Posted 2:39 PM, March, 16th 2017 by Manning Wolfe & filed under Books

Hi Ya’ll,

We’re trying something new for legal thriller lovers! We’ll be discussing a new book each month and talking about a legal issue or crime that was presented in the book. This month’s selection is Along Came a Spider by James Patterson.

In Along Came A Spider, Patterson’s plot revolves around ransom for the return of a kidnapped child. Ransom is a felony in Texas, as in other states. A defendant has committed the crime of kidnapping if he/she intentionally or knowingly abducts another person. The most publicized cases involve kidnapping of a child by one of the child’s parents. 

Along Came A Spider (2001) was Patterson’s first Alex Cross movie starting Morgan Freeman. Another favorite kidnap movie is Ransom (1996) starting Mel Gibson, Rene Russo, & Gary Sinise. If you’ve never seen it, its worth renting or buying from the box store bin. I remember waiting in line with a group of self-employed movie lovers trying to beat the crowds at noon on a Thursday when Ransom first came out.
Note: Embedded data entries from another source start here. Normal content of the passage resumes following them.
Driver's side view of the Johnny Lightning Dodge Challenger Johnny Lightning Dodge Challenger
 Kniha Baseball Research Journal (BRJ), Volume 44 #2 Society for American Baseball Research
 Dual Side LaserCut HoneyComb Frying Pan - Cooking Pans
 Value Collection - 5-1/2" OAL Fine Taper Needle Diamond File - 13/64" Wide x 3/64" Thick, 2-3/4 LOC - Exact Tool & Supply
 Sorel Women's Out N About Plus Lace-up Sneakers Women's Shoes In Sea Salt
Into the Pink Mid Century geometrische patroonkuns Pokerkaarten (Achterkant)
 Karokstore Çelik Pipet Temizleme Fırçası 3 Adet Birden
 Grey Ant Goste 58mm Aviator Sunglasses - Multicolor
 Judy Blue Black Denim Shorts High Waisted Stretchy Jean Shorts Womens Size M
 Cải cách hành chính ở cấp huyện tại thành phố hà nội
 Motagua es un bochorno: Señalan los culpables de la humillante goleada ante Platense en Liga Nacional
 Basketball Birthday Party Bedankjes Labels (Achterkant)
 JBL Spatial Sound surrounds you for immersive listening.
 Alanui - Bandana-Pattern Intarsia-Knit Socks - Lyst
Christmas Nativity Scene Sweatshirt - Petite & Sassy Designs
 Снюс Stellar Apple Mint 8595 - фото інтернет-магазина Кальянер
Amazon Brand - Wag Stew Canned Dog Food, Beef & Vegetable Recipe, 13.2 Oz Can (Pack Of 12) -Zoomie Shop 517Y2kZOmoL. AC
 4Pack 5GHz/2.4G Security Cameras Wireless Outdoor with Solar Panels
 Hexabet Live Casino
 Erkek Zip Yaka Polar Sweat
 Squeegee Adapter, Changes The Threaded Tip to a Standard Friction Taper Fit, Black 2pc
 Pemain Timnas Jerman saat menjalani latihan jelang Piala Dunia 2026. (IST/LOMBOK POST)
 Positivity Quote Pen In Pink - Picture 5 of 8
Of course, the movies never stick to the letter of the law, but if you want to know what reality dictates for the crime of kidnapping, here’s the low down:

Aggravated kidnapping involves kidnapping combined with the intent to do one of the following:

  • Hold the victim for a ransom or reward;
  • Use the victim as a shield or hostage;
  • Aid in the commission of a felony or an escape after committing the felony;
  • Inflict bodily injury on the victim or sexually violate or abuse the victim;
  • Terrorize the victim or another person;
  • Interfere with the performance of any governmental or political function;
  • Uses or exhibits a deadly weapon during the crime.

In court, there are defenses to kidnapping charges, including:

  • The defendant voluntarily released the victim in a safe place (This is only a partial defense.)
  • Lack of intent to use deadly force
  • Lack of knowledge
  • The defendant is a relative of the victim
  • The defendant's only intent was to gain lawful control of the victim


Most states classify the crime as a third degree felony. This usually carries a penalty of two to ten years in a state prison and/or a fine of up to $10,000. If the crime is elevated to aggravated kidnapping, the defendant will be charged with a first degree felony. This carries a penalty of five to ninety-nine years in a state prison and/or a fine of up to $10,000. 
In the case involved in Along Came A Spider, Patterson does not get to the penalty phase because of a dramatic twist in the book. Check it out to see what happens!